El Nombre Divino «Yo soy» o «Él es» expresa la fidelidad de Dios que, a pesar de la infidelidad del pecado de los hombres y del castigo que merece, «mantiene su amor por mil generaciones«. Dios revela que es «rico en misericordia» llegando hasta dar su propio Hijo. Jesús, dando su vida para librarnos del pecado, revelará que Él mismo lleva el Nombre divino: «Cuando hayáis levantado al Hijo del hombre, entonces sabréis que Yo soy«.

Dios es Amor
(218-221)

A lo largo de su historia, Israel pudo descubrir que Dios sólo tenía una razón para revelársele y escogerlo entre todos los pueblos como pueblo suyo: su amor gratuito. E Israel comprendió, gracias a sus profetas, que también por amor Dios no cesó de salvarlo y de perdonarle su infidelidad y sus pecados.
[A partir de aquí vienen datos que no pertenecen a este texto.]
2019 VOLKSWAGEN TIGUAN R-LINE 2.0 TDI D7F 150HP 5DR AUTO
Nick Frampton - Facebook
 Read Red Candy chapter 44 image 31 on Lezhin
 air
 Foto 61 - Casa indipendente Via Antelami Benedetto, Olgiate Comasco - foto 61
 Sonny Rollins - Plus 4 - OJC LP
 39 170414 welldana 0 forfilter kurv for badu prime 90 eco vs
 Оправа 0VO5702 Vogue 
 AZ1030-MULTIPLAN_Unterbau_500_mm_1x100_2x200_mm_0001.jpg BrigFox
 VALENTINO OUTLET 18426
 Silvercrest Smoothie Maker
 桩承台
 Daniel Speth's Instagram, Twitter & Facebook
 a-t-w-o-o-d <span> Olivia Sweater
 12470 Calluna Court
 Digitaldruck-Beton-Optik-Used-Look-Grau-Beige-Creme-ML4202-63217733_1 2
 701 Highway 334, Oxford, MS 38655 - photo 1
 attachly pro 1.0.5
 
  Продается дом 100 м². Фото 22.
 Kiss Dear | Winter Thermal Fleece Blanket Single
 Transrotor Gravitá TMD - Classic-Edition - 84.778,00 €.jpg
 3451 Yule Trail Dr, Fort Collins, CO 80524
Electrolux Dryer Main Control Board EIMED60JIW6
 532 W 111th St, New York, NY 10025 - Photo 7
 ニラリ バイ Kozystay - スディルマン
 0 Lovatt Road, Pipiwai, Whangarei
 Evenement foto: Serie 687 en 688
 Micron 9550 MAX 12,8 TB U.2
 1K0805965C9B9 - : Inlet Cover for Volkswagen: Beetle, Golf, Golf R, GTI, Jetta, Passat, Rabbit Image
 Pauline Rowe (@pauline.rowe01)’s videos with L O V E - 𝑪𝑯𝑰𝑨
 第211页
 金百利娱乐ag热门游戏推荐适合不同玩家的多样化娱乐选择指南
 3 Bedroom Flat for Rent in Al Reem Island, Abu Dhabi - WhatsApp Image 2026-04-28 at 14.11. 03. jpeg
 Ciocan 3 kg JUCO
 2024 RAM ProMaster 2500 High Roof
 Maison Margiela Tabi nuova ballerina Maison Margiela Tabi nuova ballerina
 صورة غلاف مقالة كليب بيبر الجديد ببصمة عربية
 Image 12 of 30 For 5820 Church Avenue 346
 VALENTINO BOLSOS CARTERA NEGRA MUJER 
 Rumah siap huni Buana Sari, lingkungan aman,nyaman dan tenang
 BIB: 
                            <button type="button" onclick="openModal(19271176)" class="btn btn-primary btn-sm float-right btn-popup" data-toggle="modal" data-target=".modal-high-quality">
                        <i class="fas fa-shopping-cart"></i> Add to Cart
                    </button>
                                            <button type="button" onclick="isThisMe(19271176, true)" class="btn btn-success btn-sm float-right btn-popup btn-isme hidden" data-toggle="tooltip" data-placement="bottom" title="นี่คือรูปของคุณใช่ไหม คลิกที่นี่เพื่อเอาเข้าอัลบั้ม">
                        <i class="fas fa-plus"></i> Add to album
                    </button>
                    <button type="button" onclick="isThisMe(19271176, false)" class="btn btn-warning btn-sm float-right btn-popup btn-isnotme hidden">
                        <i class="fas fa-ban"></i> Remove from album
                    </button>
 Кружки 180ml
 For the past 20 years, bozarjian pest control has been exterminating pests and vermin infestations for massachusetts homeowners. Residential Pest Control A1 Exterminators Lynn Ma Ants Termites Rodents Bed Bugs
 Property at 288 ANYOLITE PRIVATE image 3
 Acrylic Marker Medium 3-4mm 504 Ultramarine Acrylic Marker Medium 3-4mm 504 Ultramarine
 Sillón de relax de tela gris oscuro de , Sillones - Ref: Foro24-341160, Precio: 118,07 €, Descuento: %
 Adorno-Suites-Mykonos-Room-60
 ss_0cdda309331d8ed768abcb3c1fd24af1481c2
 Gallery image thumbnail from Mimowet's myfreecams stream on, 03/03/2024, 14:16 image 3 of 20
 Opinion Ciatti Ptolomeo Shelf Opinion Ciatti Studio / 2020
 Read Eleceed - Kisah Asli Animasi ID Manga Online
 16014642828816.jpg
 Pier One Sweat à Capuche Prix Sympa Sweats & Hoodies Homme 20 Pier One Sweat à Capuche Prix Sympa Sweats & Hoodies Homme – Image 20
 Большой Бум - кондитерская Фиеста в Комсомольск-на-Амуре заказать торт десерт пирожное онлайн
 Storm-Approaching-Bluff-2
El amor de Dios a Israel es comparado al amor de un padre a su hijo. Este amor es más fuerte que el amor de una madre a sus hijos. Dios ama a su Pueblo más que un esposo a su amada; este amor vencerá incluso las peores infidelidades; llegará hasta el don más precioso: «Tanto amó Dios al mundo que dio a su Hijo único«.

El amor de Dios es eterno. «Porque los montes se correrán y las colinas se moverán, mas mi amor de tu lado no se apartará«. «Con amor eterno te he amado: por eso he reservado gracia para ti«.

Pero S. Juan irá todavía más lejos al afirmar: «Dios es Amor«; el ser mismo de Dios es Amor. Al enviar en la plenitud de los tiempos a su Hijo único y al Espíritu de Amor, Dios revela su secreto más íntimo; Él mismo es una eterna comunicación de amor: Padre, Hijo y Espíritu Santo, y nos ha destinado a participar en Él.

El hombre, imagen de Dios
(357, 1701 – 1715)

Cristo, el nuevo Adán, en la misma revelación del misterio de Padre y de su amor, manifiesta plenamente el hombre al propio hombre y le descubre la grandeza de su vocación. En Cristo, «imagen del Dios invisible«, el hombre ha sido creado «a imagen y semejanza» del Creador. 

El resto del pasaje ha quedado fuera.